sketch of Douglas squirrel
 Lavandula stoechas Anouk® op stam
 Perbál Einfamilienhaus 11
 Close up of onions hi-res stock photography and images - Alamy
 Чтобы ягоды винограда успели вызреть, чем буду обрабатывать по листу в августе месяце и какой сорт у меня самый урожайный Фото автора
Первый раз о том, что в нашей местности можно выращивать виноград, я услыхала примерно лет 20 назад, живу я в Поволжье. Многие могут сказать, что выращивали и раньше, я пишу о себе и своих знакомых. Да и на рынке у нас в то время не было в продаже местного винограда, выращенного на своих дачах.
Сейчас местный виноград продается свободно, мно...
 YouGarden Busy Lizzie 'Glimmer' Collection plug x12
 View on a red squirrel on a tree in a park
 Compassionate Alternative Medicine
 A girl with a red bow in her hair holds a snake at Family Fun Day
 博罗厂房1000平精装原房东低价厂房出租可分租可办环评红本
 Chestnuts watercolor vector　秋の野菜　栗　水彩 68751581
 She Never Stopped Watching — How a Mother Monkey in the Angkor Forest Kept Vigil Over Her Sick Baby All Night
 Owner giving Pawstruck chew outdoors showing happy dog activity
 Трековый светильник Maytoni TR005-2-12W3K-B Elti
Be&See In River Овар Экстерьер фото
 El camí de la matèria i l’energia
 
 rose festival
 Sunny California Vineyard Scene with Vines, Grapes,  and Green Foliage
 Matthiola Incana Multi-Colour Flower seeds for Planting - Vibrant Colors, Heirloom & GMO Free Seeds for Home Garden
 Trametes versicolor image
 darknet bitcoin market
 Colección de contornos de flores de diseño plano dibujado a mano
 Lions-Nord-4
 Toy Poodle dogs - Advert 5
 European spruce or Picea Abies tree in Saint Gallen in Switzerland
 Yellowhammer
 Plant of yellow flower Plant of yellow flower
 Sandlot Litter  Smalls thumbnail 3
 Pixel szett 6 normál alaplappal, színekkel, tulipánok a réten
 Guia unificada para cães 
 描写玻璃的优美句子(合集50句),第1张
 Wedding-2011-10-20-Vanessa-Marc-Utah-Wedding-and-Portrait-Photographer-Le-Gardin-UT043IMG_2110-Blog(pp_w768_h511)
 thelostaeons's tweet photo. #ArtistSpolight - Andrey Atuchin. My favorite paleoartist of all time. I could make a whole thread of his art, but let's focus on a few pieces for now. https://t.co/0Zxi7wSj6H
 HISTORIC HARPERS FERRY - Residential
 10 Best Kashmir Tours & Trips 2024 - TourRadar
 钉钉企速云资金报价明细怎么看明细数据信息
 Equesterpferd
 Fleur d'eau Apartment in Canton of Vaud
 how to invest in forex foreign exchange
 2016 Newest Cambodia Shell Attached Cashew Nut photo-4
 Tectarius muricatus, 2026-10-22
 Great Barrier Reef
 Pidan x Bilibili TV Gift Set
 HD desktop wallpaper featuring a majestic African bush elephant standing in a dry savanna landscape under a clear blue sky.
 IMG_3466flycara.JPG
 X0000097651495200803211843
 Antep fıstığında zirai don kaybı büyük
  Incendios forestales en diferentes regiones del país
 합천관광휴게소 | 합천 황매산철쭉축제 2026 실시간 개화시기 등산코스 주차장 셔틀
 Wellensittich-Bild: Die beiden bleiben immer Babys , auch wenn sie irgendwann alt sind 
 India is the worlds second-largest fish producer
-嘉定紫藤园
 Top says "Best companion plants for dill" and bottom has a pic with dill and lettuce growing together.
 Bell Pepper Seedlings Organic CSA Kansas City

※

- _Work task_
Set apart and copy each line of the records that holds the word "squirrel".

- _Worked solution_
sketch of Douglas squirrel
 View on a red squirrel on a tree in a park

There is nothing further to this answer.